If money had been no object, and if queuing theory and the speed of light did not impose physical barriers to scalability and latency, then large enterprises would still be running their applications on a monstrous, shared system that looked and behaved, as far as software is concerned, like a big, beefy single server. The reason this would be the case is simple to explain: The programming model is much simpler. Applications would run on this single machine and the operating system would take care of assigning compute, memory, and I/O resources and moving data between memory and persistent storage. SMP is a clustering approach that gangs up multiple processors on a single memory bus and gives them access to a shared block of main memory in which their applications run. SMP is difficult to implement because memory accesses have to be the same speed for all processors, a restriction that limits the number of processors that can be linked together in this fashion because of latency issues.

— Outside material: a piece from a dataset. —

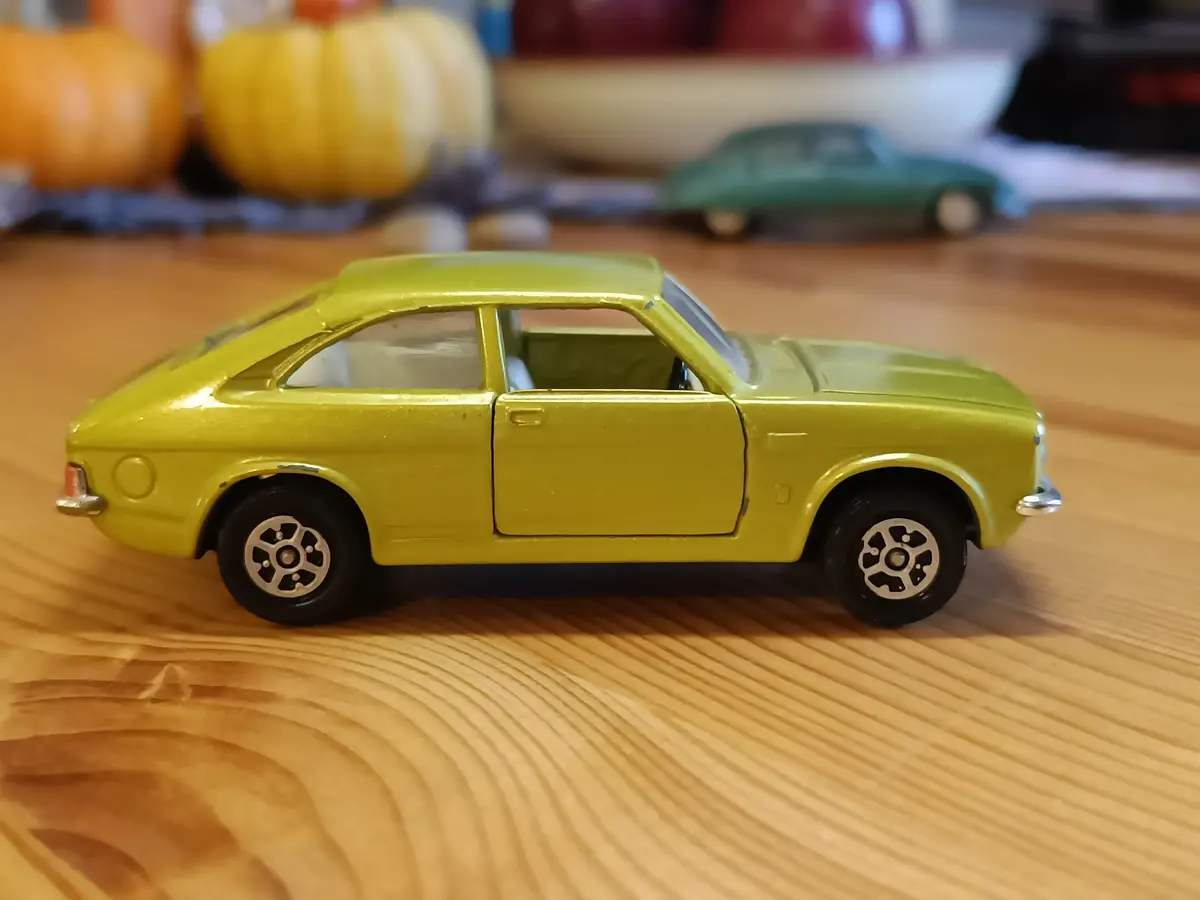 306 Morris Marina In Metallic Lemon 1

NUMA, on the other hand, assumes that processors have their own main memory assigned to them and linked directly to their sockets and that a high-speed interconnect of some kind glues multiple processor/memory complexes together into a single system with variable latencies between local and remote memory. This is true of all NUMA systems, including an entry two-socket server all the way up to a machine like the UV 2000, which has as many as 256 sockets and which is by far the most scalable shared memory machine on the market today. The UV 2000 system tops out at 64 TB of main memory, and that is a hard limit imposed by the last three generations of Intel Xeon processor cores, which have only 46 bits of physical memory addressing in their memory controllers. (Back then the UV 1000 machines debuted in 2010, the limit was 44 bits of physical addressing, which meant the machine topped out 16 TB of main memory across its 256 processor sockets.)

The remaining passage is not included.